Required work:
Retype the entries below word for word, leaving out every picture.

(Data excerpts)
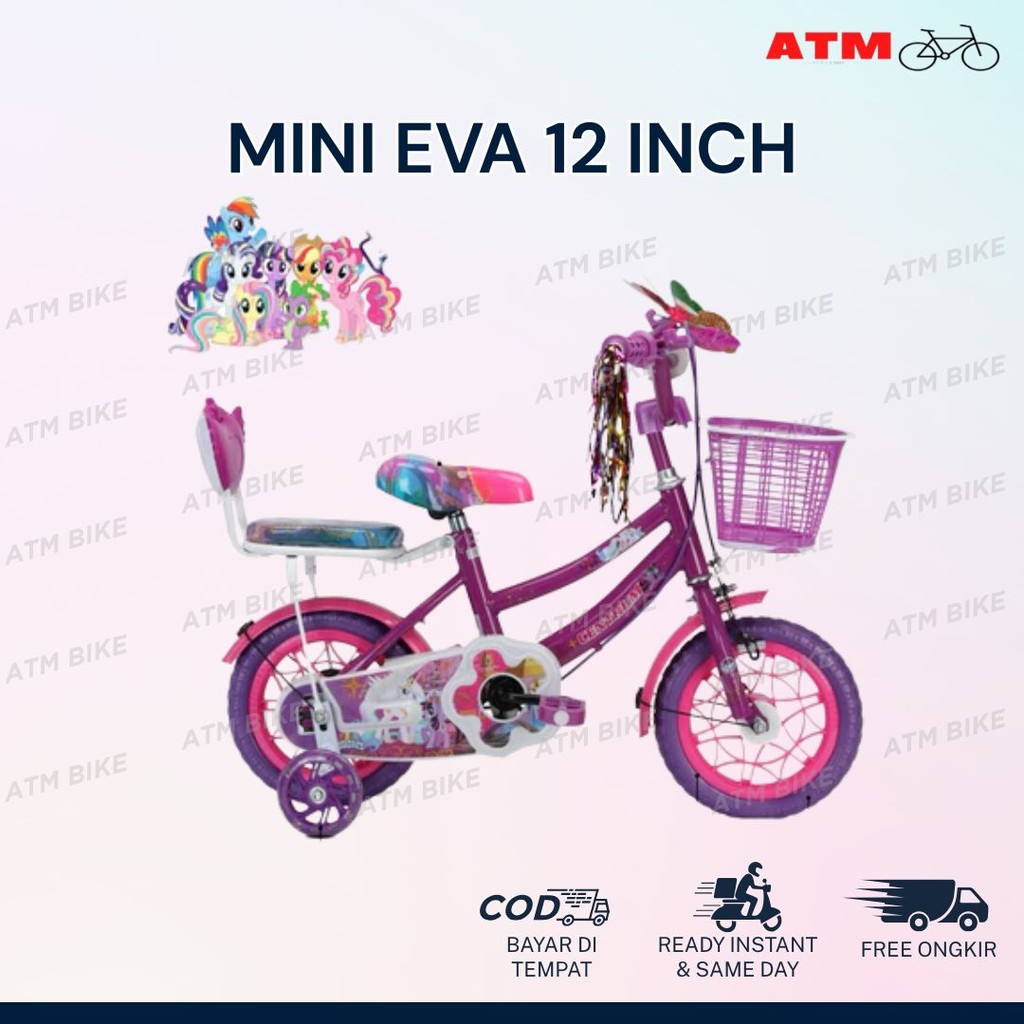 Sepeda Mini 12 INC EVA Chamomile & Centrum Anak Perempuan Velg Premium Terbaik Makassar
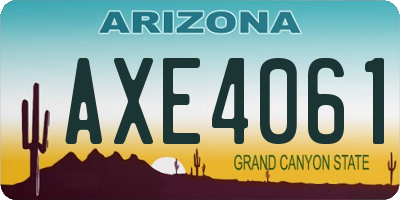 AZ license plate AXE4061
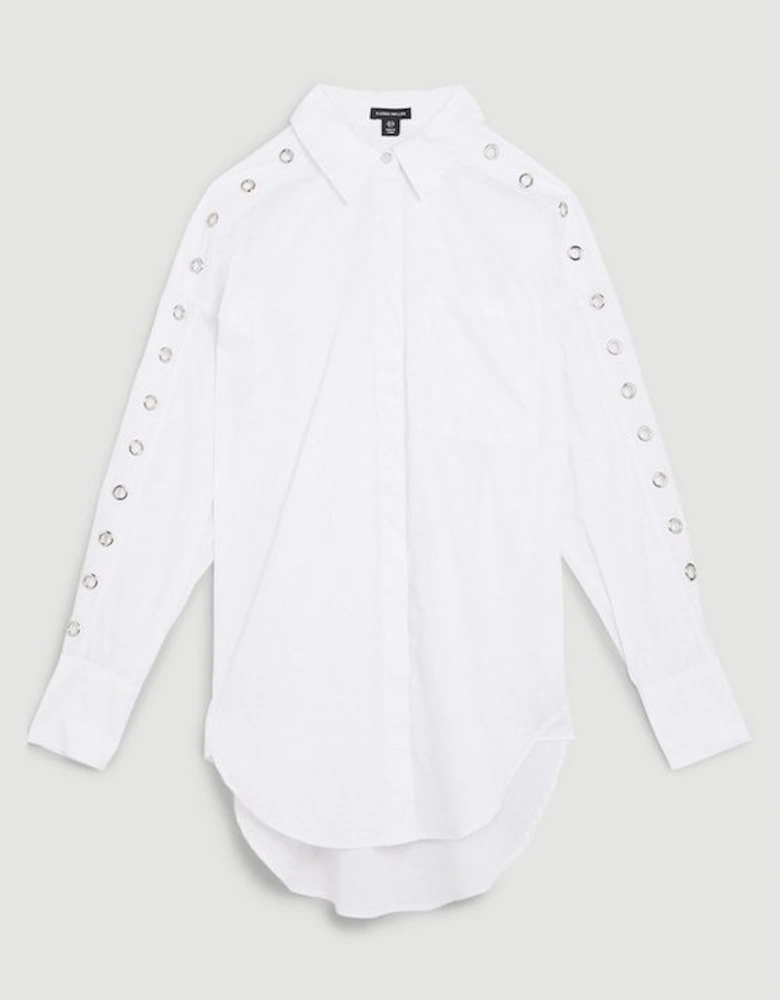 Cotton Sleeve Eyelet Detail Oversized Shirt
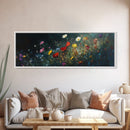 Wildflowers At Midnight Framed Canvas Print, Moody Decor, Boho Minimalist Wall Art, Modern Art, Floral or Botanical Wall Art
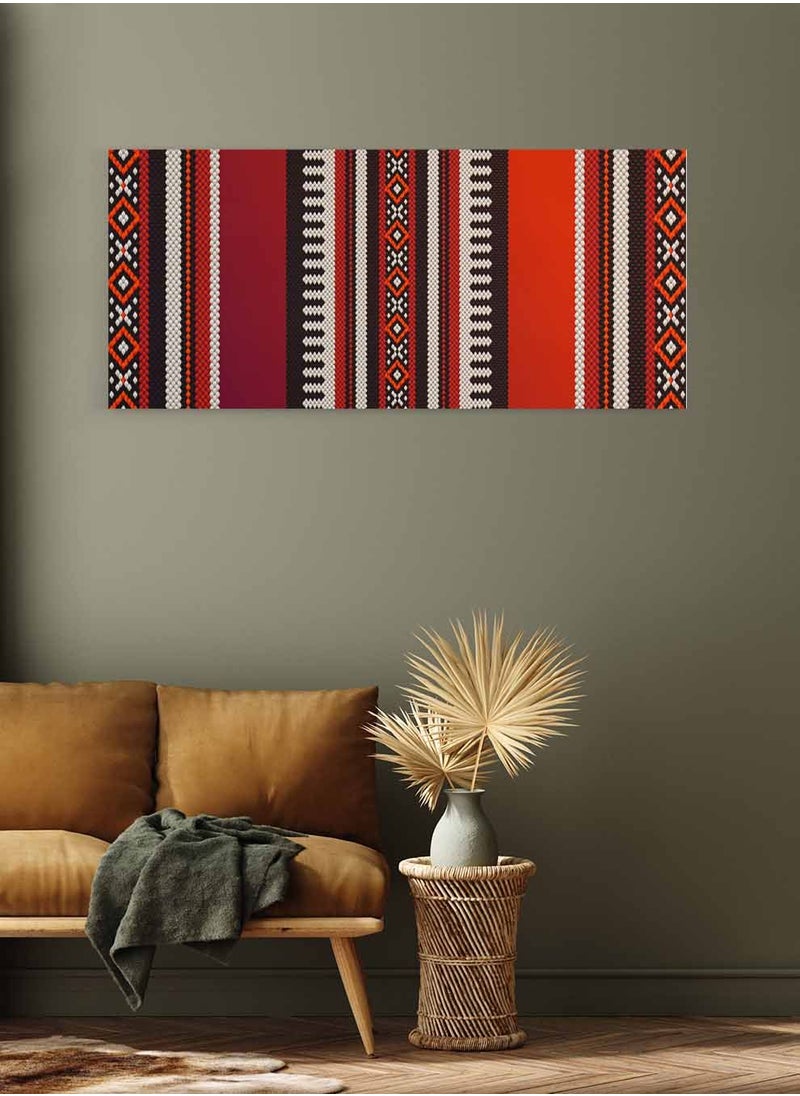 LOWHA Framed Canvas Wall Art Stretched Over Wooden Frame, Panorama Orientation Arabian Sadu Painting, For Home, Living Room, Office Décor  - Image 3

Answer section:
 Sepeda Mini 12 INC EVA Chamomile & Centrum Anak Perempuan Velg Premium Terbaik Makassar
 AZ license plate AXE4061
 Cotton Sleeve Eyelet Detail Oversized Shirt
 Wildflowers At Midnight Framed Canvas Print, Moody Decor, Boho Minimalist Wall Art, Modern Art, Floral or Botanical Wall Art
 LOWHA Framed Canvas Wall Art Stretched Over Wooden Frame, Panorama Orientation Arabian Sadu Painting, For Home, Living Room, Office Décor  - Image 3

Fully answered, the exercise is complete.